In the Article 78 proceeding, petitioners maintain that the preservation of this land was an explicit mitigation condition imposed by the New York State Department of Environmental Conservation (“DEC”) under the State Environmental Quality Review Act (“SEQRA”), as a condition under which the City obtained a landfill permit in 2000. Petitioners/plaintiffs also maintain that a permittee cannot break a commitment to provide a specific mitigation measure under SEQRA.

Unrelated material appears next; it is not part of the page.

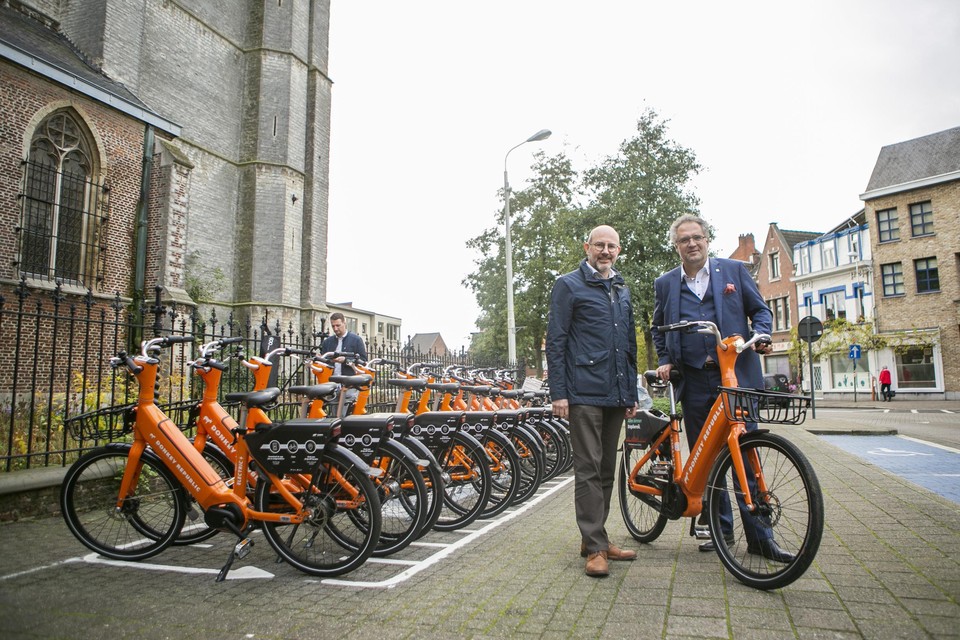 Ekers districtsburgemeester Koen Palinckx (N-VA) en Antwerps mobiliteitsschepen Koen Kennis (N-VA) bij lancering Donkey Republic in Ekeren. Volgens Jong VLD is dit geen alternatief voor Velo..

Some of the petitioners are also asserting claims as plaintiff taxpayers in the City of Albany, under § 51 of the General Municipal Law. Plaintiffs maintain that the land was acquired for parkland purposes, and is now imbued with a public trust. As discussed at length in Point III below, land acquired for parkland can not be alienated for other purposes without the approval of the state legislature. Plaintiffs assert that the use of land acquired for park purposes for landfill expansion constitutes an illegal act, and seek to enjoin such use.

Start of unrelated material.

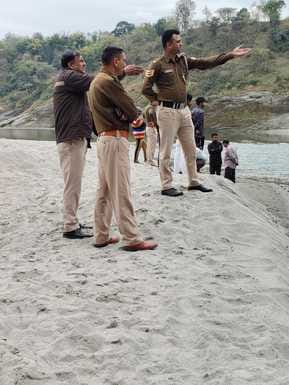 Migrant worker swept away in river near Sihorwala bridge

Because the City has publicly announced its intention of utilizing this land for landfill expansion, and because the City’s application for a new permit is presently pending before DEC, petitioners/plaintiffs are seeking a preliminary injunction enjoining the City’s application, pending the final determination of this Court.
STATEMENT OF FACTS
In the late 1990s, the City of Albany applied for a permit to expand its existing landfill, located near Rapp Road in the City of Albany. The City sought permission to construct and operate an interim landfill at Rapp Road, which consisted of both a vertical and horizontal expansion of the existing landfill. The City’s permit application involved a 23 acre parcel, consisting of an immediate 11.5 acre parcel and an additional 7.6 acre expansion to be commenced in 2005. A variance from DEC’s landfill regulations, 6 NYCRR Part 360, was needed because the proposed landfill was located over a principal aquifer (see Save the Pine Bush v. New York State Department of Environmental Conservation, 289 A.D.2d 636 (3d Dept. 2001)).

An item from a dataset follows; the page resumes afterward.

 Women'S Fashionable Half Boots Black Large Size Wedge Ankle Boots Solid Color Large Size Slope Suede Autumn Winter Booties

After three Environmental Impact Statements, DEC completed the SEQRA process, made a findings statement, and issued a permit on February 29, 2000. The permit imposed a mitigation measure that was adopted in the Third Supplemental Final Environmental Impact Statement; the acquisition of 60 acres of land located in the Fox Run Mobile Home Park (hereafter referred to as the “Fox Run parcel”), for dedication to the Albany Pine Bush Preserve Commission (“the Commission”). The City of Albany was to submit a schedule for the completion of this purchase within 30 days of the issuance of the permit.
In order to acquire this property, the City needed to obtain an option for acquisition which was held by the Nature Conservancy. The Nature Conservancy transferred its option to the City, for the express purpose of enabling the City to acquire the Fox Run parcel for inclusion in the Pine Bush Preserve. The Nature Conservancy transferred its option on April 17, 2000, less than two months after the issuance of the permit. The City acquired the property in the summer of 2000, and initially indicated that 40 acres of undeveloped land in the mobile home park would be dedicated by December 31, 2000 (Petition ¶37, Exh. E). However, more than five years later, the City has still not dedicated the property to the Commission.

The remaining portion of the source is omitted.